En 1927, una joven de 24 años llamada Charlotte Perriand llegó al estudio de Le Corbusier en París con una idea muy clara: quería trabajar con el arquitecto más influyente de su época. La respuesta de él fue inmediata y rotunda: "Aquí no bordamos cojines."

Semanas después, Le Corbusier visitó su apartamento. Vio el Bar bajo el techo de cristal que ella había construido en su ático —una instalación de aluminio, vidrio y metal que parecía sacada del futuro. Se disculpó. Y comenzaron diez años de colaboración que cambiarían la historia del diseño.

El problema es que esa historia se contó durante décadas con un solo nombre.

La Chaise Longue LC4 —esa pieza que Le Corbusier llamaba "la máquina de descansar" y que hoy reproduce Cassina— es de Charlotte Perriand. El sillón LC2 es de Charlotte Perriand. La silla giratoria LC7, los módulos de almacenamiento que estructuraban los interiores de las villas modernistas, la lógica ergonómica que hacía habitables los proyectos del arquitecto —todo eso es de Charlotte Perriand.

Lo que Le Corbusier construía por fuera, ella lo habitaba por dentro.

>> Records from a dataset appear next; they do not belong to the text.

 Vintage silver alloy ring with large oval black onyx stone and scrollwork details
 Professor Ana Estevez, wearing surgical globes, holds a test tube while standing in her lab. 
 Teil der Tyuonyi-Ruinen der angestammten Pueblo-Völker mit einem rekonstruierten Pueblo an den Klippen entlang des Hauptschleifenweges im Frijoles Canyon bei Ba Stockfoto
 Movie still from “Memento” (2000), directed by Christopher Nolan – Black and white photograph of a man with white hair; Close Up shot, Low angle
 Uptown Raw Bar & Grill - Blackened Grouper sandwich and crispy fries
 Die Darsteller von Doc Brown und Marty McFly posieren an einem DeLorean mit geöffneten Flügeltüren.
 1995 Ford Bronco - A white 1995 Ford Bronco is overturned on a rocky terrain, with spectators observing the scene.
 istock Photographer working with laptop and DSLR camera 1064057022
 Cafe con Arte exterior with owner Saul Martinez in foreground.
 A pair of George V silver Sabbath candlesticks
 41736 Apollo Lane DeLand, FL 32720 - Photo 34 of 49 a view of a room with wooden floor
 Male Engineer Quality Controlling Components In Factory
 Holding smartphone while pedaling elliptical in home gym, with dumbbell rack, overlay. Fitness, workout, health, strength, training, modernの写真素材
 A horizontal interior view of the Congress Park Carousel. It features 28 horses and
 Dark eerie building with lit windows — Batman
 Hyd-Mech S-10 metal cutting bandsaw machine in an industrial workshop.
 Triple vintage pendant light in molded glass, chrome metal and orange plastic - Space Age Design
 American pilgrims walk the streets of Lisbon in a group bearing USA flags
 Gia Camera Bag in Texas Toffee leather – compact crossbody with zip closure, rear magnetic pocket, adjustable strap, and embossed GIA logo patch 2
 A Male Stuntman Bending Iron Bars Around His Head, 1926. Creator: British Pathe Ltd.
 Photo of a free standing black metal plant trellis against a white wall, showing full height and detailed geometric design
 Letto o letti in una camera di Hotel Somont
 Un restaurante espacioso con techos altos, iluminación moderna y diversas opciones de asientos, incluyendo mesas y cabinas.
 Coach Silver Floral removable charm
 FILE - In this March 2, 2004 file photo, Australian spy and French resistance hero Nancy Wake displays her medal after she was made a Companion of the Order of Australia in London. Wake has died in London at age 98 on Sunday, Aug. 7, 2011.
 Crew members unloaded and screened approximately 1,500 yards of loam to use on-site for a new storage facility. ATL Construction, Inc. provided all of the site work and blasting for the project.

Perriand no era una asistente. Era la responsable de mobiliario e interiores del estudio, y fue ella quien introdujo materiales industriales —el acero tubular, el aluminio, el cuero— en el vocabulario del hogar moderno. Fue ella quien estudió la ergonomía del cuerpo humano para entender cómo debía inclinarse un respaldo o apoyarse un brazo.

En 1937 dejó el estudio y viajó a Japón, donde trabajó como asesora del Ministerio de Comercio e Industria. La Segunda Guerra Mundial la dejó exiliada en Vietnam. Allí, sin acero ni aluminio, trabajó con bambú. Nació la Tokyo Chaise Longue —una reinterpretación de la LC4 en materiales orgánicos que demuestra que su genio no dependía de los materiales, sino de la mirada.

Murió en 1999, a los 96 años, habiendo visto cómo el mundo comenzaba lentamente a devolverle su lugar.

Hoy sus piezas se venden en subastas por cifras extraordinarias. Sus muebles están en colecciones de museos. Su nombre aparece, finalmente, junto al de Le Corbusier en las etiquetas.

Tarde. Pero ahí está.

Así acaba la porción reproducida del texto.